Dataset:
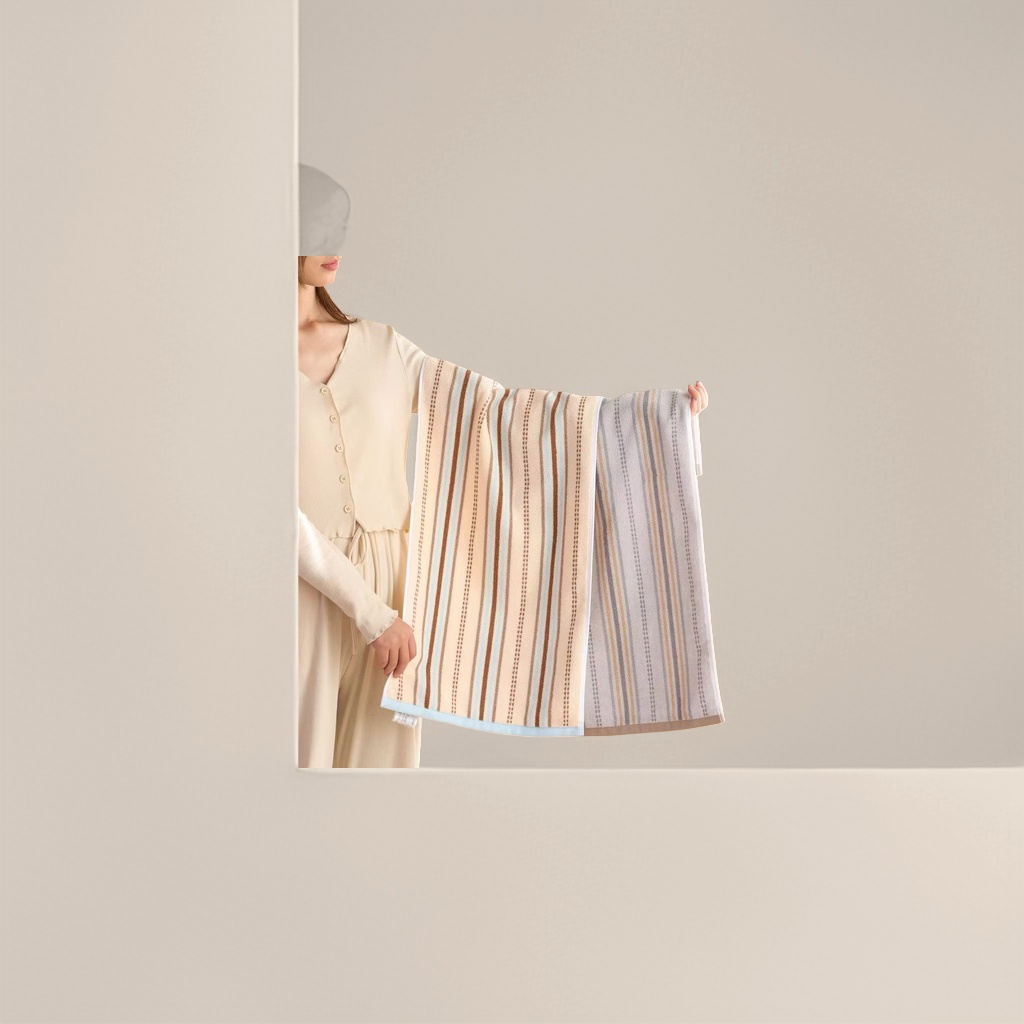Striped towel, pure cotton absorbent and quick-drying bath towel and face towel set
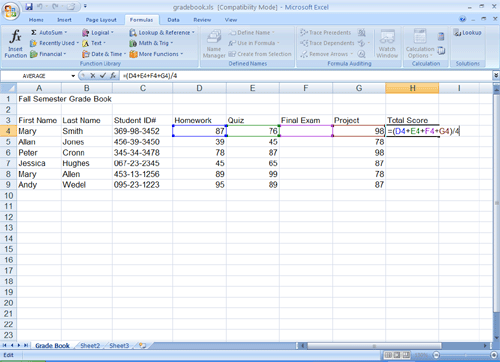 Parts Of Microsoft Excel 2007 Environment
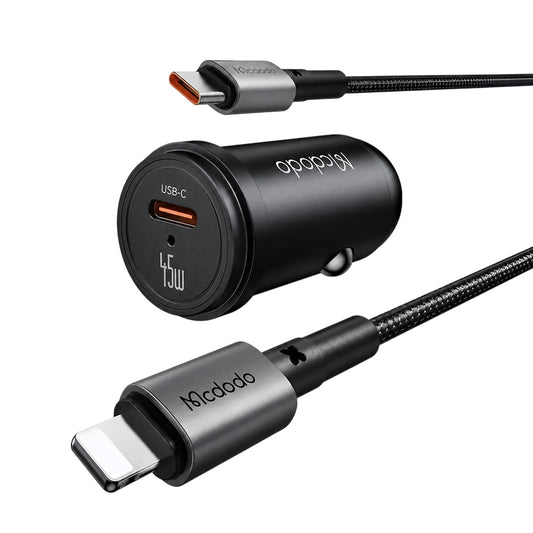 Auto-oplader met USB-C-kabel Mcdodo CC-7495, 45W, 3A, 1 x USB-C, Zwart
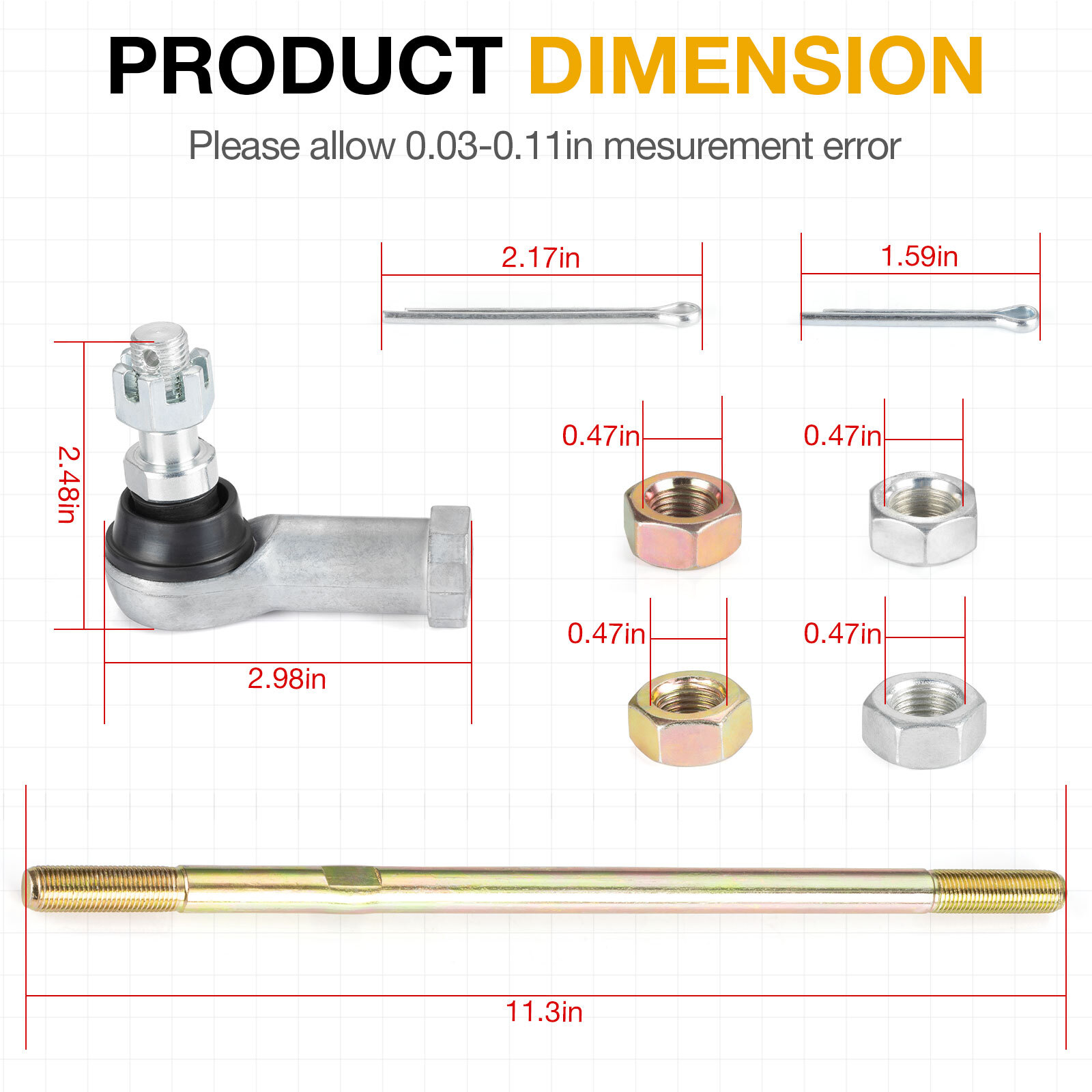 Tie Rods with End Kit for Honda Rancher 350 TRX350 400 TRX400 ATV 53158-HP5-003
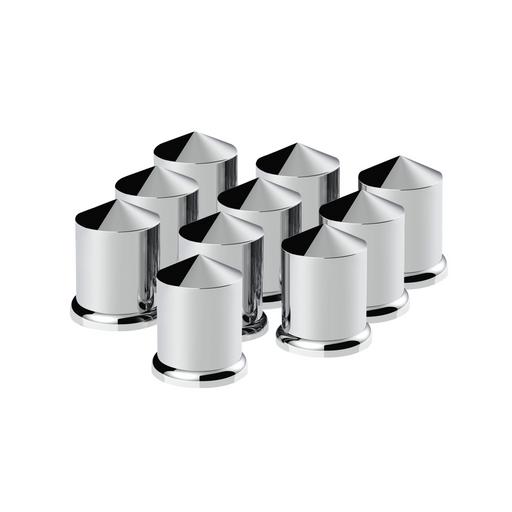 UP-10068P 3/4" x 1-1/2" Chrome Plastic Pointed Nut Covers - Push-On (10-Pack)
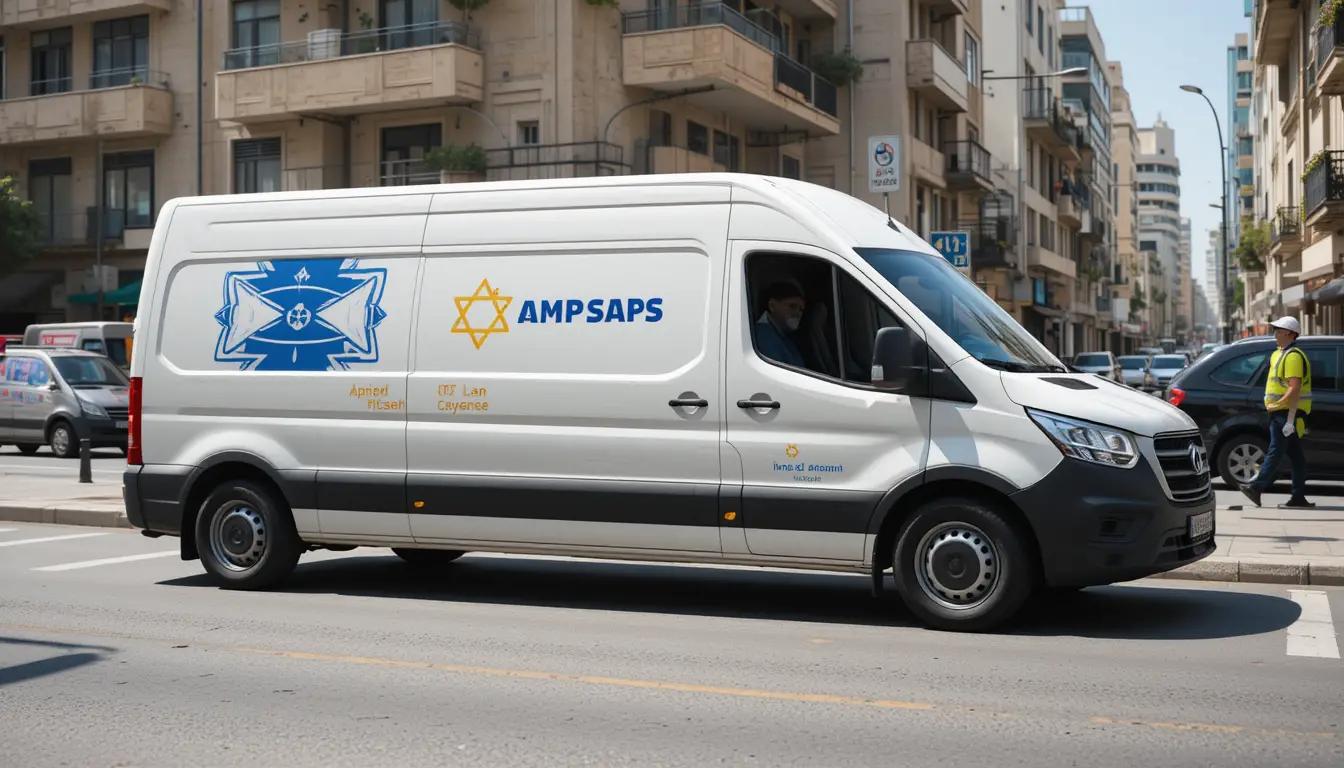 רכב משלוחים עם שליחים בחולצות בצבעים בולטים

What to produce: Set the whole listing down again unchanged, apart from the pictures, which are omitted.

Answer to this exercise:
Striped towel, pure cotton absorbent and quick-drying bath towel and face towel set
 Parts Of Microsoft Excel 2007 Environment
 Auto-oplader met USB-C-kabel Mcdodo CC-7495, 45W, 3A, 1 x USB-C, Zwart
 Tie Rods with End Kit for Honda Rancher 350 TRX350 400 TRX400 ATV 53158-HP5-003
 UP-10068P 3/4" x 1-1/2" Chrome Plastic Pointed Nut Covers - Push-On (10-Pack)
 רכב משלוחים עם שליחים בחולצות בצבעים בולטים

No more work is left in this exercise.